Dock lifts and levelers bridge the gap and height difference between the dock and the trailer. They also compensate for the up and down float of the trailer bed during loading.  A lift or leveler is almost essential for unloading trucks at a facility.


  • Capacities: 250 to 4000 lbs
  • Bridge Lengths, overall: up to 40’
  • Runway Spans: up to 40’
  • Height — Floor-to-Trolley Clevis: 10’, 12’, or 14’ heights are standard

Types: Hydraulic, Mechanical, Air.

Other specialty type levelers are available

A dock leveler includes an adjustable ramp, lip and frame to create a smooth transition to truck beds.  This allows unloading and loading trucks easy by eliminating any major cracks or bumps that would prevent a forklift or pallet jack from transitioning from truck to facility. When not in use, the dock leveler is stored in its neutral position, flush with the loading platform floor.  This prevents any disruption with normal facility traffic.

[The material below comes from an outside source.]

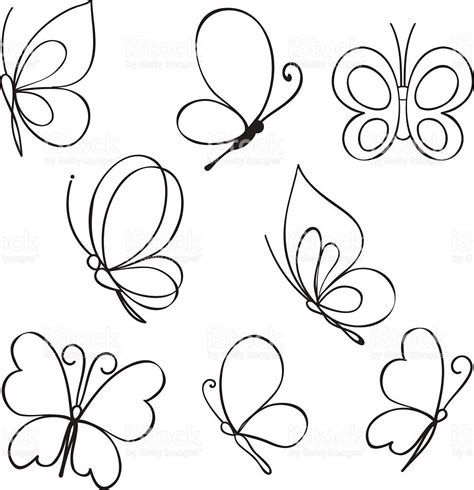 Vector Set of hand drawn butterflies | Butterfly drawing, Draw ...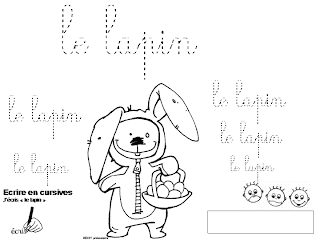 Fiche maternelle ecriture cursive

Dock lifts have more up & down adjustability than a dock leveler does but does have limitations when it comes to tilting.  A dock lift can lower down to ground level if necessary to bring loads up from ground level then raise up to the building level for offloading.  Safety railings and chains are typically installed on the lifts to protect from any fall hazards into the dock lift pit.



A vehicle restraint is installed at the loading dock that is intended to prevent a transport vehicle from leaving the dock during the loading/unloading process. It is also a serious safety hazard for a trailer to pull away from your loading dock while your fork lift operator is still inside.


Seals and Shelters are designed to improve safety, energy conservation, maintain temperatures, protecting products from outside contaminants, reducing costs and improving security at the loading dock.